How to change a column of characters into date form? - r

I currently have data as such:
data
I wish to change the 'date' column to date type. (it is now in character).
I have tried the code below but it gives me 'NA' as the result.
as.Date(data$Date, format = "%a %d-%m-%Y %I:%M %p")
Am I making a mistake in the way I am formatting the date to suit the format in my data?

Unfortunately, we don't have your data (we have a picture of your data, but the only way to use that is to transcribe it manually - best to include data as text in your questions).
Anyway, using a brief example in the same format:
dates <- c("Wed 25-Apr-2018 3:20 PM", "Thu 10-Mar-2022 10:53 AM")
We can get the dates by doing:
as.Date(dates, "%a %d-%b-%Y %I:%M %p")
#> [1] "2018-04-25" "2022-03-10"
Note though that this does not preserve the time, and to do this you probably want to use R's built in date-time format, POSIXct. We can get this with:
strptime(dates, "%a %d-%b-%Y %I:%M %p")
#> [1] "2018-04-25 15:20:00 BST" "2022-03-10 10:53:00 GMT"
I think the main problem was that you were using %m for the month, but this only parses months in decimal number format. You need %b for text-abbreviations of months.

Related

Can format like "May 17, 2017", "17/5/2017" or "17-5-17 05:24:39" be used in as.POSIXlt?
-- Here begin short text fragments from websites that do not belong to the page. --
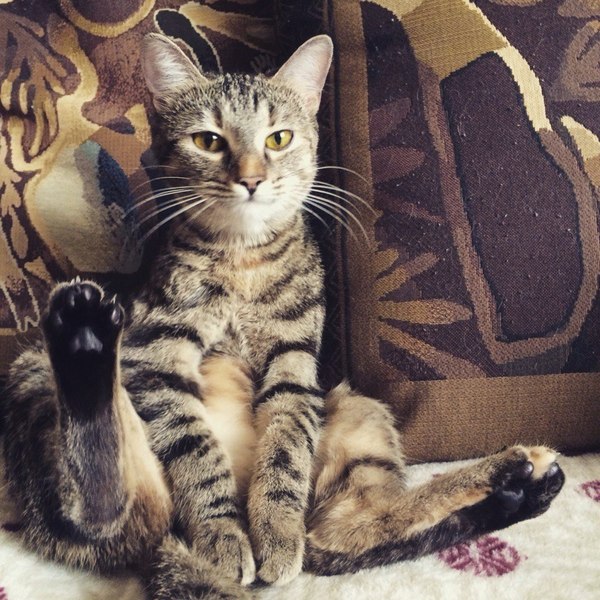 ����� ��������� � ������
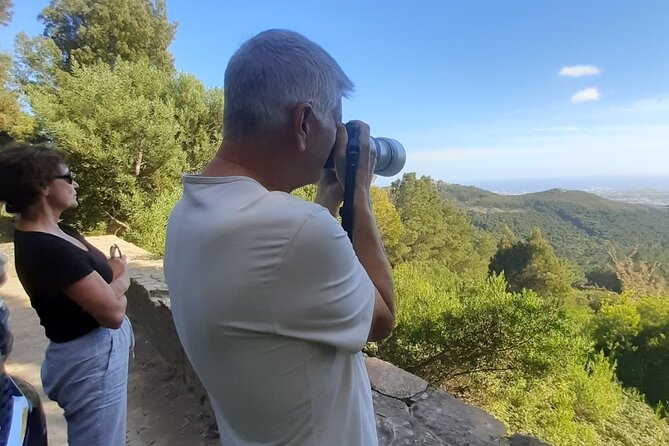Sintra & Cascais: Private Tour Pena Park & Regaleira Included - Price and Value: What $237.35 Buys You
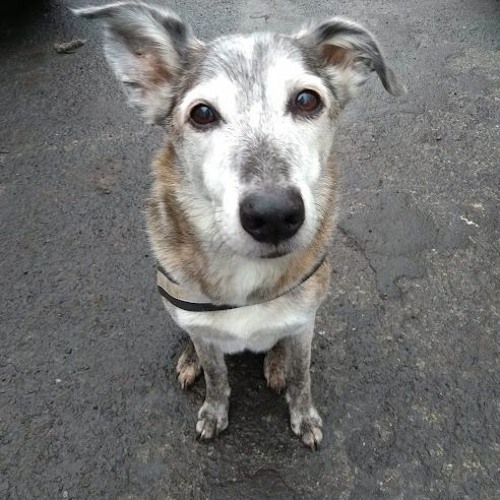 Too happy to play The Blues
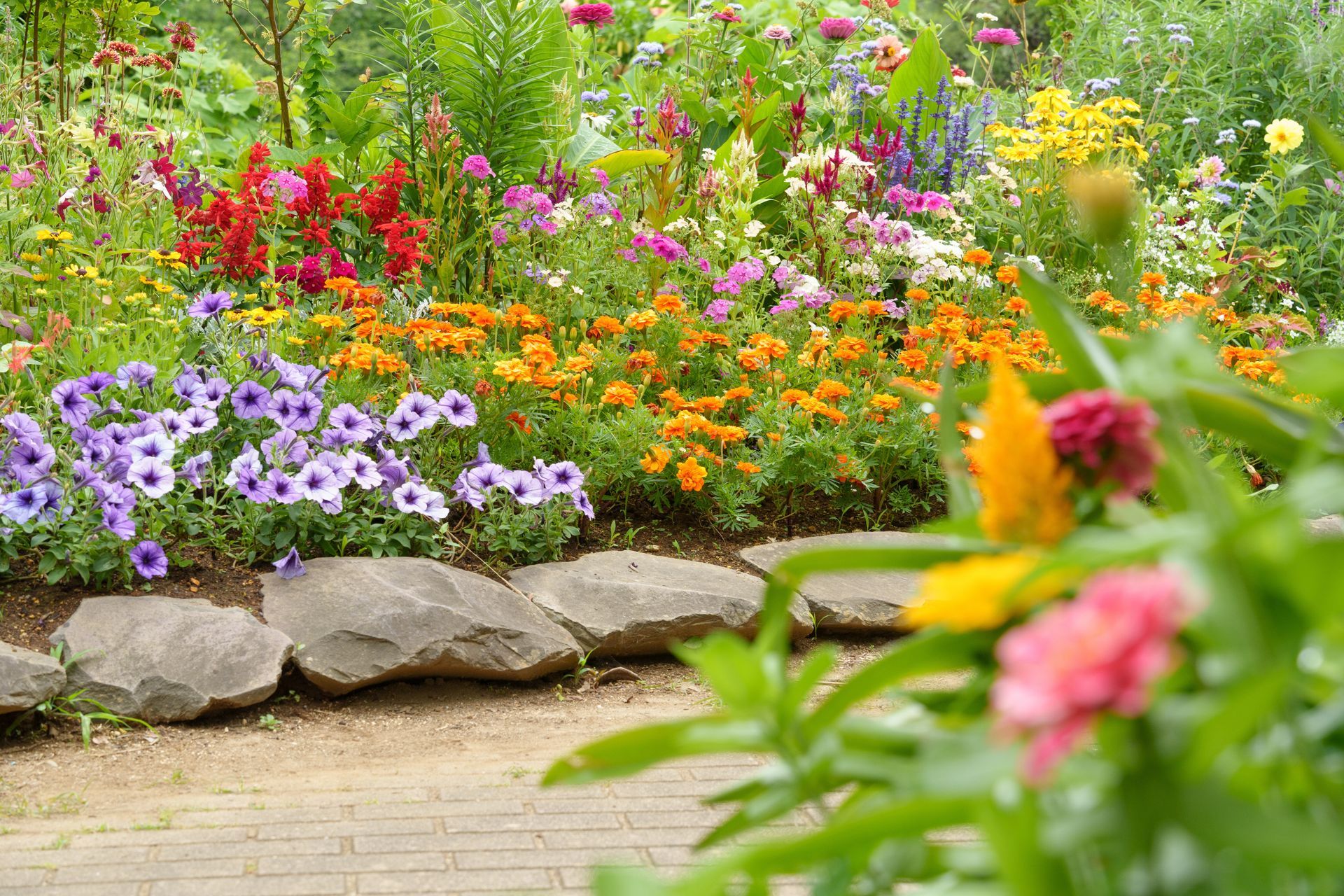 A garden filled with lots of colorful flowers and rocks.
I've just read about the difference between POSIXlt and POSIXct and it is said that POSIXlt is a mixed text and character format like "May, 6 1985", "1990-9-1" or "1/20/2012". When I try such kind of things I get an error
as.POSIXlt("May, 6 1985")
# character string is not in a standard unambiguous format
(How) can we dates with format as quoted above put forward to POSIXlt? Here are sources saying that such format works (if I get them right): 1, 2.
Read ?strptime for all the details of specifying a time format. In this case you want %b (for month name), %d (day of month), %Y (4-digit year). (This will only work with an English locale setting as the month names are locale-specific.)
as.POSIXlt("May, 6 1985", format = "%b, %d %Y")
If you have mixed input of formates you can use parse_date_time from the lubridate package.
x <- c("May, 6 1985", "1990-9-1", "1/20/2012")
y <- lubridate::parse_date_time(x, c("ymd", "mdy", "dmy"))
str(y)
# POSIXct[1:3], format: "1985-05-06" "1990-09-01" "2012-01-20"
note on c("ymd", "mdy", "dmy") as this determines the order on first found first converted. Consider 6-1-2000 will encounter mdy as valid before dmy so this means it will be first of June and not sixth of January.

How to add days of the week to the existing date's column in Rstudio

For my analysis, I need to add days of the week to the dates in Rstudio. My data starts from the first day of January ( 2019-01-01 00:00:00) and time steps are 5 minutes therefore, the second term is "2019-01-01 00:05:00 to the last day of the year. Unfortunately, some rows are missing and for example, in one case next reading after 2019-05-01 10:05:00 can be 2019-05-17 23:05:00. How can I assign days of the week to my dates?
How's this work? First, we convert the date into the magic R format, and then extract it back in the format we want.
posix <- strptime(x = "2019-01-01 00:00:00",
format = "%Y-%m-%d %H:%M:%S")
strftime(posix, format = "%Y-%m-%d %H:%M:%S %A")
Here, we're essentially exporting it in the exact same format, plus the %A operator that corresponds to the weekday.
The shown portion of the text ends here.